__Action item__. Where the records below show a line containing "Westin Armchair - Vintage", start copying; end with the line containing "Snap Lock Punch", and copy it too.

__Records shown__.
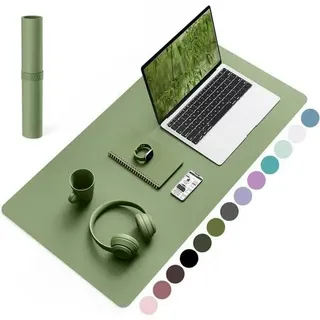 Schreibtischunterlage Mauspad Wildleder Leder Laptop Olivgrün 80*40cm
--
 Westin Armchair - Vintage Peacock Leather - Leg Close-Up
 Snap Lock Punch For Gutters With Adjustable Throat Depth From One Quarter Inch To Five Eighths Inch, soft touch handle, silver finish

__Reply to the task__.
 Westin Armchair - Vintage Peacock Leather - Leg Close-Up
 Snap Lock Punch For Gutters With Adjustable Throat Depth From One Quarter Inch To Five Eighths Inch, soft touch handle, silver finish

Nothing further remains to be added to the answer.